Short text fragments from websites:

○ ○ ○ ○

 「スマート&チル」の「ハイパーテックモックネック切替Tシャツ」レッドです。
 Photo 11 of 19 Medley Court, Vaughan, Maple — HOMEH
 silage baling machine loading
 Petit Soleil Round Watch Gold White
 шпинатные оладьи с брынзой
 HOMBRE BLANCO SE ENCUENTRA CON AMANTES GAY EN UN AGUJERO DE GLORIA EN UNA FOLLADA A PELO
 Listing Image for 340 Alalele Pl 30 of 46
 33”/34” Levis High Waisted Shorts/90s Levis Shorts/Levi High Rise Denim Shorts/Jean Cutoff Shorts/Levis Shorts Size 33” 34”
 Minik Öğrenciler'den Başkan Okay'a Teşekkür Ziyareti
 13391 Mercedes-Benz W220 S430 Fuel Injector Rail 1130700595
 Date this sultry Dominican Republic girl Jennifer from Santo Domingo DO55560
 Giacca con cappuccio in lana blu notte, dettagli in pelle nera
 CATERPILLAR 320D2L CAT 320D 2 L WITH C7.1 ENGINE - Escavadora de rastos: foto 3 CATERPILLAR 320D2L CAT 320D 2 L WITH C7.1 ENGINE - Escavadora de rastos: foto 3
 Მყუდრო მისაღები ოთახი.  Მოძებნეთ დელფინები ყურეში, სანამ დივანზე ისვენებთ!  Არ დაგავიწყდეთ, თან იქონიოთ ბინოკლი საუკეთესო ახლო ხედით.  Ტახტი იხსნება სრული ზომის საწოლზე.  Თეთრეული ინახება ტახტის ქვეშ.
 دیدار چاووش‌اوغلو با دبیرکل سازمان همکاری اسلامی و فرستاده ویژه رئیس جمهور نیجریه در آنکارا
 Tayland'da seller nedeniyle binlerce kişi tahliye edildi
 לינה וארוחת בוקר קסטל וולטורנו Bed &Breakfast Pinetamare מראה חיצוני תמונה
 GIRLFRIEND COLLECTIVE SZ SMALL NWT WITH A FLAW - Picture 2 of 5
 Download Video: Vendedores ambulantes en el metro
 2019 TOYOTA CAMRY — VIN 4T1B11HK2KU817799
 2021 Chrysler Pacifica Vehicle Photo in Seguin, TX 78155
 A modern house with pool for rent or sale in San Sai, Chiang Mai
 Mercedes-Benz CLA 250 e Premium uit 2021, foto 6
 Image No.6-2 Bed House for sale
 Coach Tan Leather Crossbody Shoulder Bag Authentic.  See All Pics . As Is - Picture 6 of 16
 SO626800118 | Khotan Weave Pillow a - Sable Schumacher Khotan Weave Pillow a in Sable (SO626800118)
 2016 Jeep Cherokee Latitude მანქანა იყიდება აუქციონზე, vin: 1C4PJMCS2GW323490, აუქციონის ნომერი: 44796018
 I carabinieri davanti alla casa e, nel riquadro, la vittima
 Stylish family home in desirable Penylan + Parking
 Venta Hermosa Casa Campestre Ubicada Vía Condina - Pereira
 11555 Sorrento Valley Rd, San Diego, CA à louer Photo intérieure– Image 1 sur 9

○ ○ ○ ○

- [Exercise directions]
Retype the data. Every line must match the original exactly.

- [Reply to the task]
 「スマート&チル」の「ハイパーテックモックネック切替Tシャツ」レッドです。
 Photo 11 of 19 Medley Court, Vaughan, Maple — HOMEH
 silage baling machine loading
 Petit Soleil Round Watch Gold White
 шпинатные оладьи с брынзой
 HOMBRE BLANCO SE ENCUENTRA CON AMANTES GAY EN UN AGUJERO DE GLORIA EN UNA FOLLADA A PELO
 Listing Image for 340 Alalele Pl 30 of 46
 33”/34” Levis High Waisted Shorts/90s Levis Shorts/Levi High Rise Denim Shorts/Jean Cutoff Shorts/Levis Shorts Size 33” 34”
 Minik Öğrenciler'den Başkan Okay'a Teşekkür Ziyareti
 13391 Mercedes-Benz W220 S430 Fuel Injector Rail 1130700595
 Date this sultry Dominican Republic girl Jennifer from Santo Domingo DO55560
 Giacca con cappuccio in lana blu notte, dettagli in pelle nera
 CATERPILLAR 320D2L CAT 320D 2 L WITH C7.1 ENGINE - Escavadora de rastos: foto 3 CATERPILLAR 320D2L CAT 320D 2 L WITH C7.1 ENGINE - Escavadora de rastos: foto 3
 Მყუდრო მისაღები ოთახი.  Მოძებნეთ დელფინები ყურეში, სანამ დივანზე ისვენებთ!  Არ დაგავიწყდეთ, თან იქონიოთ ბინოკლი საუკეთესო ახლო ხედით.  Ტახტი იხსნება სრული ზომის საწოლზე.  Თეთრეული ინახება ტახტის ქვეშ.
 دیدار چاووش‌اوغلو با دبیرکل سازمان همکاری اسلامی و فرستاده ویژه رئیس جمهور نیجریه در آنکارا
 Tayland'da seller nedeniyle binlerce kişi tahliye edildi
 לינה וארוחת בוקר קסטל וולטורנו Bed &Breakfast Pinetamare מראה חיצוני תמונה
 GIRLFRIEND COLLECTIVE SZ SMALL NWT WITH A FLAW - Picture 2 of 5
 Download Video: Vendedores ambulantes en el metro
 2019 TOYOTA CAMRY — VIN 4T1B11HK2KU817799
 2021 Chrysler Pacifica Vehicle Photo in Seguin, TX 78155
 A modern house with pool for rent or sale in San Sai, Chiang Mai
 Mercedes-Benz CLA 250 e Premium uit 2021, foto 6
 Image No.6-2 Bed House for sale
 Coach Tan Leather Crossbody Shoulder Bag Authentic.  See All Pics . As Is - Picture 6 of 16
 SO626800118 | Khotan Weave Pillow a - Sable Schumacher Khotan Weave Pillow a in Sable (SO626800118)
 2016 Jeep Cherokee Latitude მანქანა იყიდება აუქციონზე, vin: 1C4PJMCS2GW323490, აუქციონის ნომერი: 44796018
 I carabinieri davanti alla casa e, nel riquadro, la vittima
 Stylish family home in desirable Penylan + Parking
 Venta Hermosa Casa Campestre Ubicada Vía Condina - Pereira
 11555 Sorrento Valley Rd, San Diego, CA à louer Photo intérieure– Image 1 sur 9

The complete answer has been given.